Look for the word "Black" in the records, and copy each line where it appears.

───── Data listing

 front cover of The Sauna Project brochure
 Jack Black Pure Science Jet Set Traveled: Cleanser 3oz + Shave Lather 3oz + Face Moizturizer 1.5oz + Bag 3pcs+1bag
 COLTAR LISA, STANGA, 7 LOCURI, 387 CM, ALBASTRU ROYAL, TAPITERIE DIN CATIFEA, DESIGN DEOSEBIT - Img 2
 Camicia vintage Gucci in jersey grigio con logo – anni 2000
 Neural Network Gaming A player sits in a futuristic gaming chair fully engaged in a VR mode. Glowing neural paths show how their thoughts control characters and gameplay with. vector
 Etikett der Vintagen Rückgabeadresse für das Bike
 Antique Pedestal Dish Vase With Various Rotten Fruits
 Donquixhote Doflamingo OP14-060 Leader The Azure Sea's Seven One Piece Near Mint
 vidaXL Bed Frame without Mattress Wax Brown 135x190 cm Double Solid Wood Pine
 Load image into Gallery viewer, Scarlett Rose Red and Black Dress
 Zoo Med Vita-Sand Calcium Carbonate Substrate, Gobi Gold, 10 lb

──────────
───── Data listing

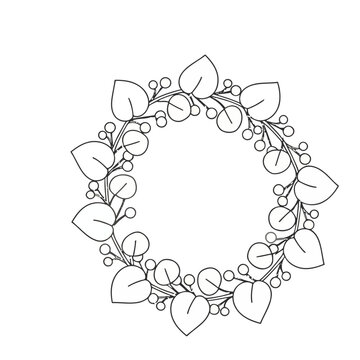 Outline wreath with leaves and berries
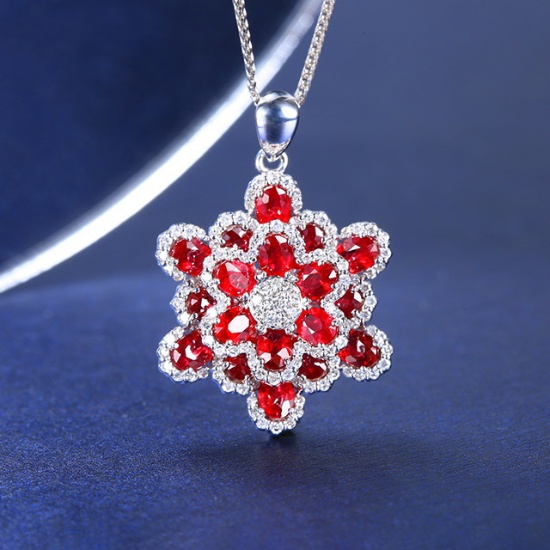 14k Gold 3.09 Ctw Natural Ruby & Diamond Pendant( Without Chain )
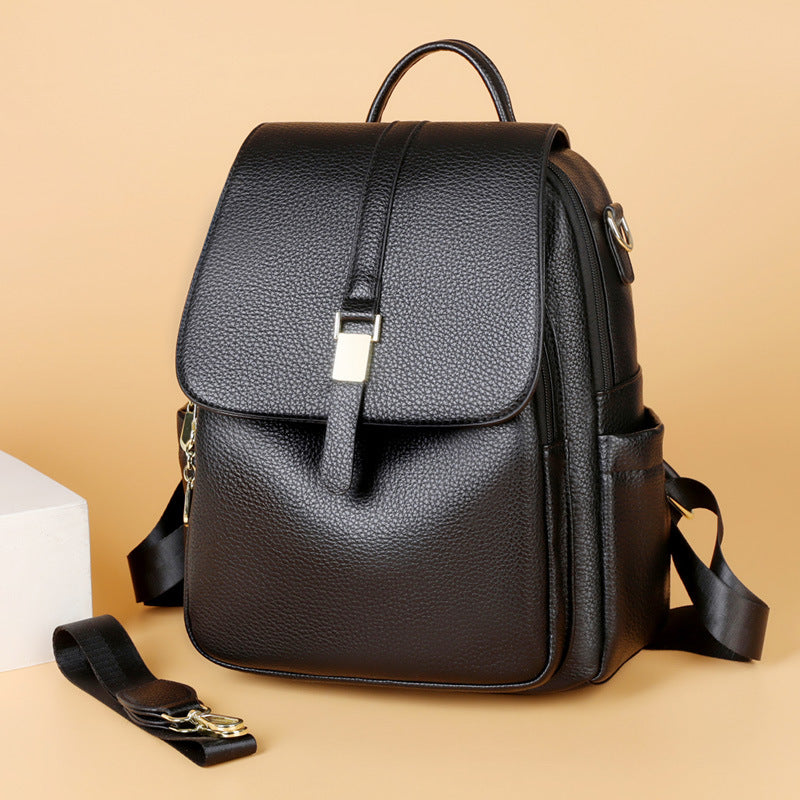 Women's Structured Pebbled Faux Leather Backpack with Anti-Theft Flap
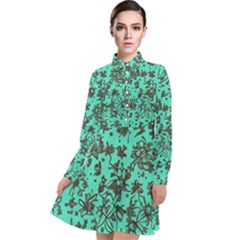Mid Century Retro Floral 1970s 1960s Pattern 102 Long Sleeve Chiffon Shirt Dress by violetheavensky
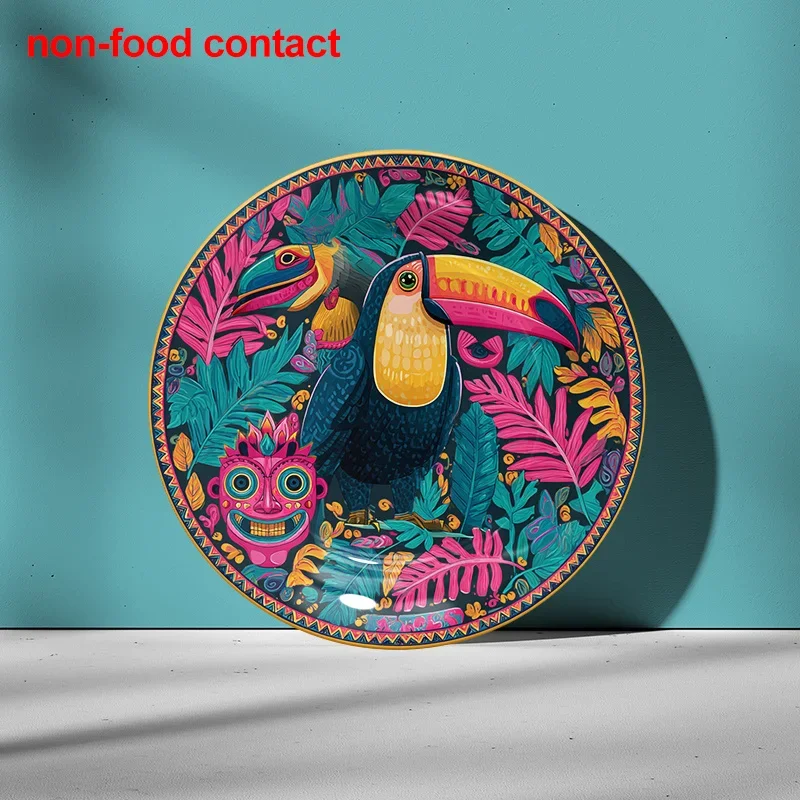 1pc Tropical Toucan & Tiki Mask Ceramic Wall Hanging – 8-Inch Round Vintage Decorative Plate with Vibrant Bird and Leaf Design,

──────────

Response to this task —
 Jack Black Pure Science Jet Set Traveled: Cleanser 3oz + Shave Lather 3oz + Face Moizturizer 1.5oz + Bag 3pcs+1bag
 Load image into Gallery viewer, Scarlett Rose Red and Black Dress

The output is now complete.